Le film de BEDOS nous montre combien les femmes sont devenues plus fortes et encaissent mieux que les hommes. On pense notamment à la scène où Simon séparé de son épouse après avoir cédé aux démons de minuit avec la jeune Margot, observe caché derrière la baie vitrée de leur maison, sa femme, Carole. Celle-ci est seule dans sa cuisine, savourant un verre de vin rouge. Elle écoute, heureuse, une musique italienne.
Loin de se lamenter, sous la plume de BEDOS la femme parait forte, indestructible, indépendante et moderne.
Un modèle de résilience. Les conventions et codes sont cassés, comme la symbolique des cheveux coupés de Margot ou le fait qu’elle prenne l’initiative de la demande en mariage auprès de Simon.
Dans Mascarade, les hommes sont les nouvelles petites putes et non l’inverse. Les hommes « travaillent à réaliser le rêve » de leurs petites-amies, leur vénalité, peur de l’accomplissement et leur lâcheté apparaissent sans fard.
Le Grand retour d’ADJANI
Actrice phare des années 80’s, Isabelle ADJANI a ému des générations de spectateurs et spectatrices. Ses films cultes (La Reine Margot, Possession, l’Été Meurtrier) sont des classiques du cinéma français.
Aussi BEDOS signe le retour de la magistrale et flamboyante Isabelle ADJANI.
Les clins d’œil à sa foisonnante carrière cinématographique et musicale, sont subtils et plein d’humour. Notamment la référence à son tube « La Piscine » où elle tombe dans l’eau.
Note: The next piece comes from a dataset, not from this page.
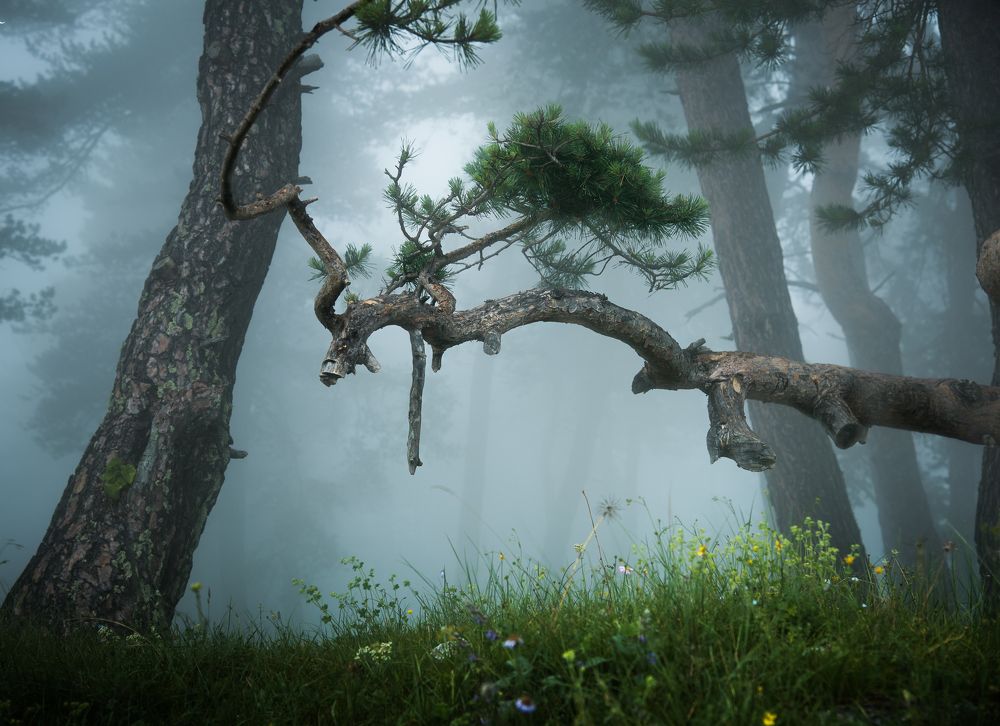 Photograph by makura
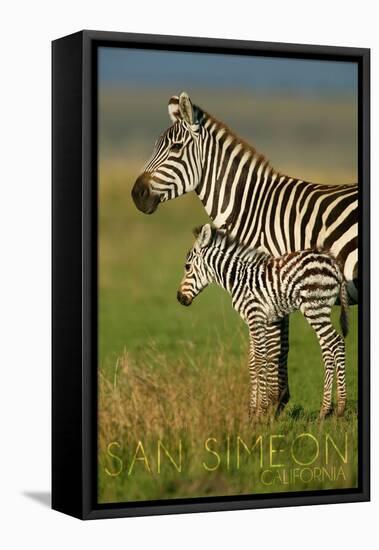 San Simeon, California - Zebra and Baby-Lantern Press-Framed Stretched Canvas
Ou encore ce moment où Isabelle ADJANI chante près d’un piano, dans une robe à paillettes rouge et affublée d’un accessoire de mode roux, de sa voix suave, elle souligne sa nature passionnée et différente : « comme je ne suis que passion, je le dis sans prétention, je connais bien la chanson : il est mignon ! »
Il y a une forme de maladresse touchante dans sa façon d’aimer Adrien qu’elle nomme « mon merveilleux compagnon » tout comme elle aurait pu dire : « mon meilleur ami sur terre ». Quelle mascarade ! Au moment où elle tombe le masque, commence à éprouver des sentiments vrais pour son gigolo de compagnon, c’est là que la mascarade prend tout son sens : tout n’était que calculs de la part de Lucas !
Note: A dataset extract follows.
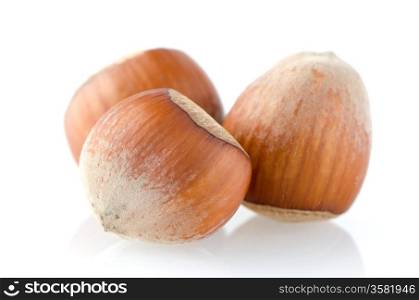 Three hazelnuts isolated on white background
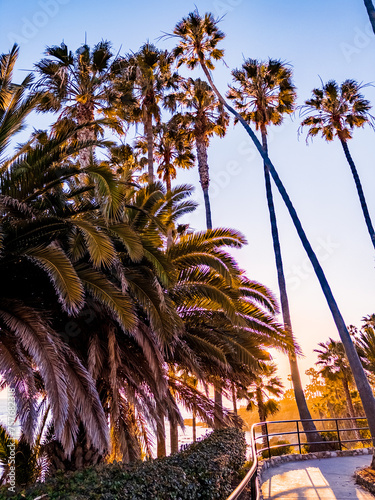 palm trees at sunset, Heisler Park, Laguna Beach, Orange County (ID: 757682318)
Bref, BEDOS nous emmène dans un formidable jeu de dupes ou bal de faux-culs, entremêlé de flash-back, de mise en abîme du scénario, de rebondissements désopilants, le tout rondement mené. Les 2h45 défilent trés rapidement, contrairement à ce que la critique a pu laisser entendre, Mascarade n’est pas un film trop long. Bien au contraire, pour comprendre la psychologie des personnages, leurs démons intérieurs, leurs histoires et leurs velléités, cela prend du temps. Il ne s’agit pas d’une comédie d’une heure et demie contrairement à ce qu’on pourrait imaginer au début. Le déroulé des actions est rythmé, cassé, tout comme la chronologie des faits qui prend des libertés avec la narration.
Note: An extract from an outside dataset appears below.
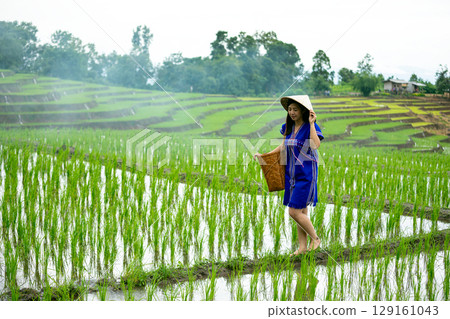 Woman in blue dress with conical hat walking barefoot carrying basket in green rice terrace field Woman in blue dress with conical hat walking barefoot carrying basket in green rice terrace field 129161043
On sent que le réalisateur a pris plaisir à jouer avec sa galerie de personnages, comme un marionnettiste, et que derrière se cache un dramaturge amusé par la nature humaine, sa complexité, ses incohérences.
Enfin, il est intéressant de souligner que le film Mascarade ne se regarde pas avec un regard académique, snob ou avec une vision étriquée. C’est un film qui casse les codes et nous interroge sur les brumes de mensonges qui entourent nos vies.
Et n’est-ce pas ainsi ? La vie après tout, n’est-elle pas une incroyable mascarade ????